Surveys test effects of dam removal

In the run-up to river restoration following the planned dismantling of two hydroelectric dams on the Elwha River — the largest dams, by far, to be removed anywhere — scientists led by UW researchers have undertaken the complex task of documenting what’s in the river valley now.

Having that baseline is the only way to be able to measure the benefits — if any — to the ecosystem of having removed the dams.

“The Elwha project provides ideal conditions for testing hypotheses related to river restoration,” wrote Ted Pietsch in a project that has garnered $200,000 in start-up funds from the National Science Foundation to launch the survey. Pietsch, a professor of aquatic and fishery sciences and the principal investigator on the project, also wrote that this is a “unique opportunity to study the recovery of a riparian ecosystem, with profound implications for the value of dam removal elsewhere as a general conservation strategy.”

The dams are to be demolished starting in 2012. Congress has authorized $185 million for demolition, clean-up and to reintroduce salmon that have been shut out of the system since 1911 when the dams barred their migration.

With the $200,000 in research money from the National Science Foundation, work has begun collecting specimens along the river above, between and below the dams. The focus is on microorganisms, lichens, mosses, liverworts, fungi, spiders and insects — all taxa critical to other organisms being able to thrive in the area and the most vulnerable to change when the dams are removed.

Although only three hours by car and ferry from Seattle, the biota of the area is poorly known, Pietsch says. The survey and inventory project is bringing together professional taxonomists and an assemblage of agency, tribal, academic and citizen scientists.

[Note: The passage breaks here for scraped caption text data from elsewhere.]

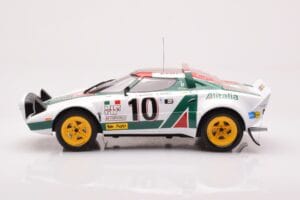 Lancia Stratos HF #10 S. Munari / S. Maiga Rally Monte Carlo 1976 IXO 1:18 18RMC162A Metal - imagem 3 de 6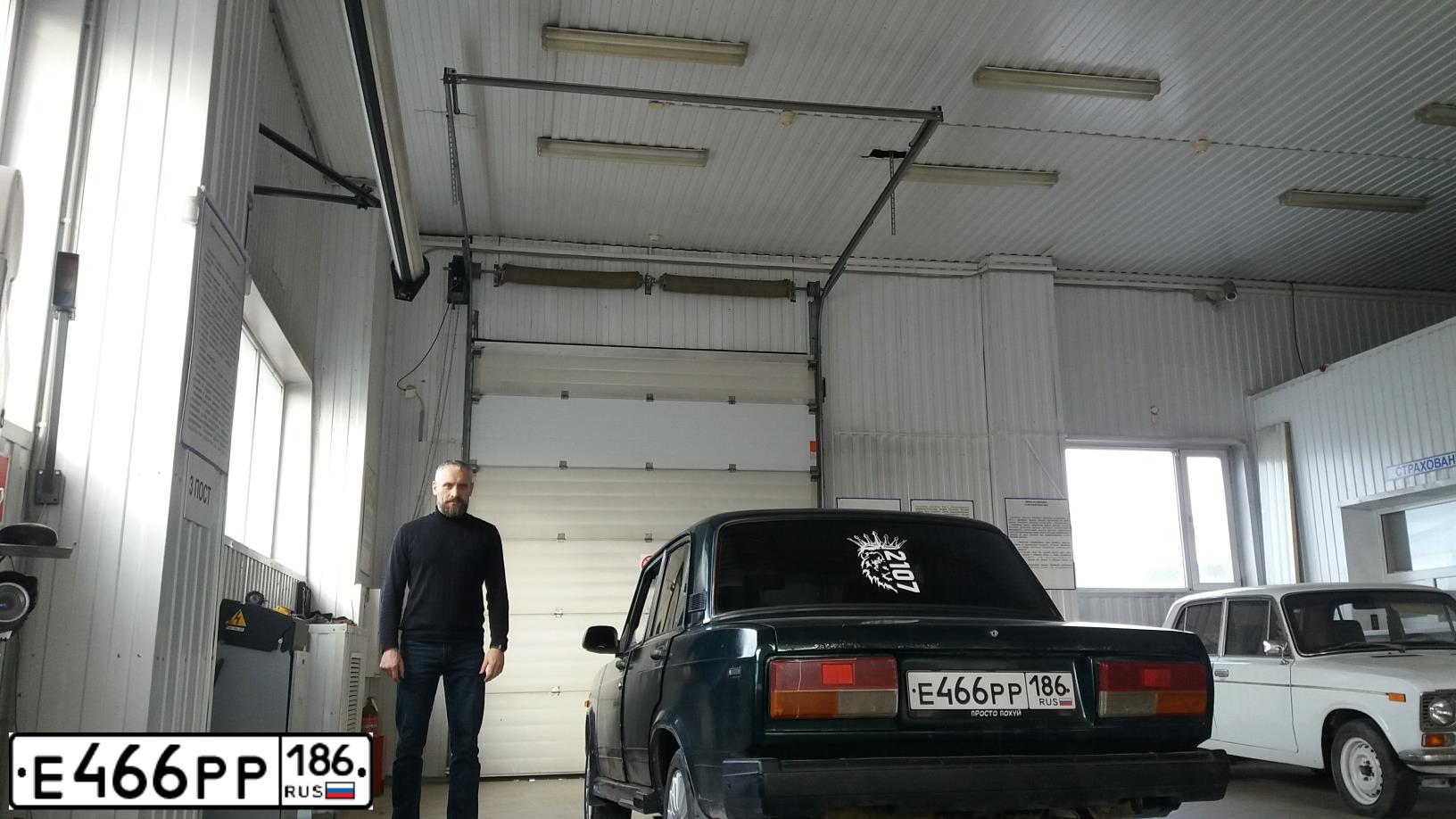 Фото автомобиля LADA 2107, 2004 — госномер Е159УХ186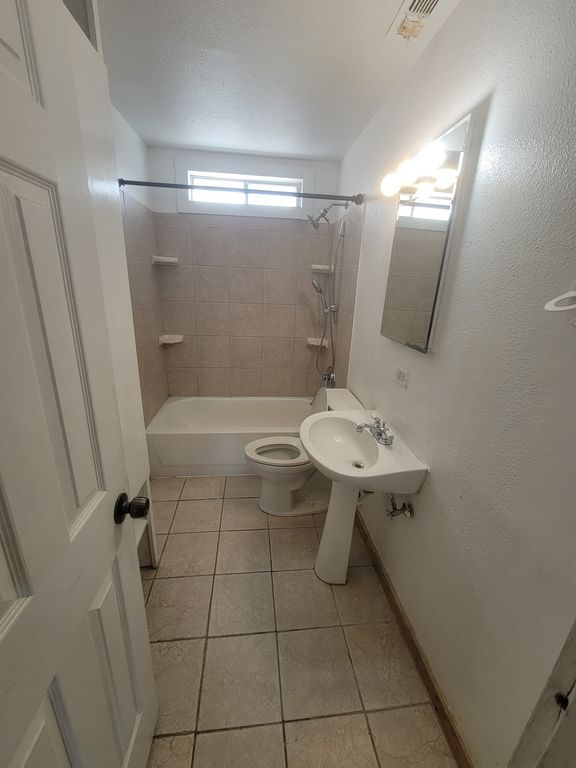 3906 Mercury, Haltom City, TX 76111 — photo 4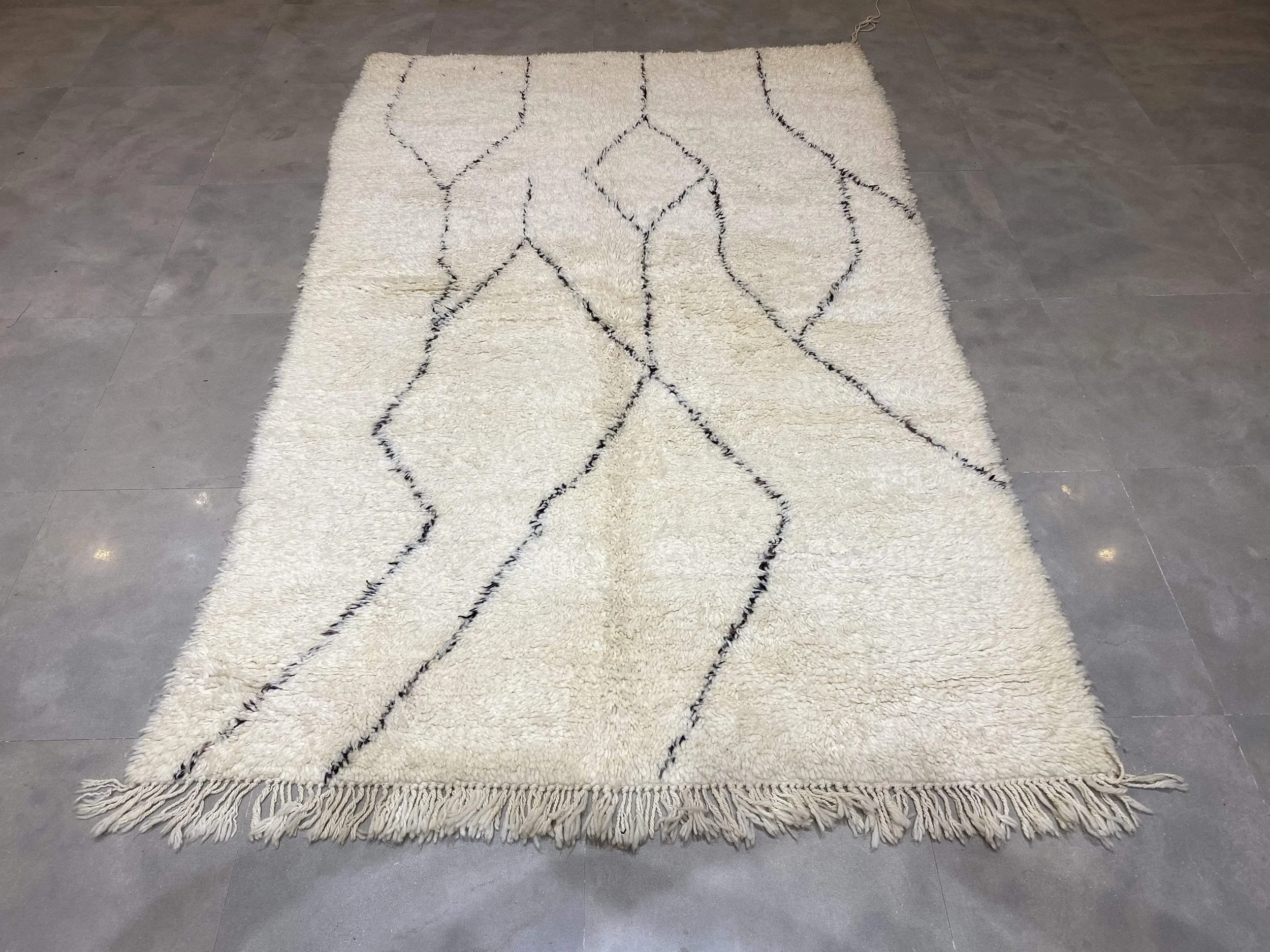 moroccan-berber-rug-beni-ouarain-20-28044412485734.jpg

Among the citizen scientists are school students from the area. In partnership with the Olympic Park Institute — a nonprofit that provides outdoor science education programs for students, teachers, and other citizens — monthly environmental education forays along the river got underway earlier this year.

There was an event for seventh and eighth graders and teachers of the Crescent School District in nearby Joyce, Wash. A similar event is scheduled for Native American students of the Lower Elwha Klallam Tribe in May and another in late June. There is funding to continue the outreach monthly throughout the summer and fall.

Dam removals are increasingly viewed as a means to restoring river ecosystems, especially in the Pacific Northwest where salmon stocks are seriously depleted and many rivers are closed to fish migration, Pietsch says.

The Elwha River has some advantages that other river systems do not. Because nearly all of the water above the dams is in the Olympic National Park, the ecological changes resulting from dam removal will be available for long-term study, without the confounding influences of human disturbance that are common in virtually all other river restoration projects.

“If dam removal is beneficial here, the knowledge gained can be applied anywhere; but if salmon restoration is less than successful under these ideal conditions, the implications for rivers elsewhere are dire,” he says.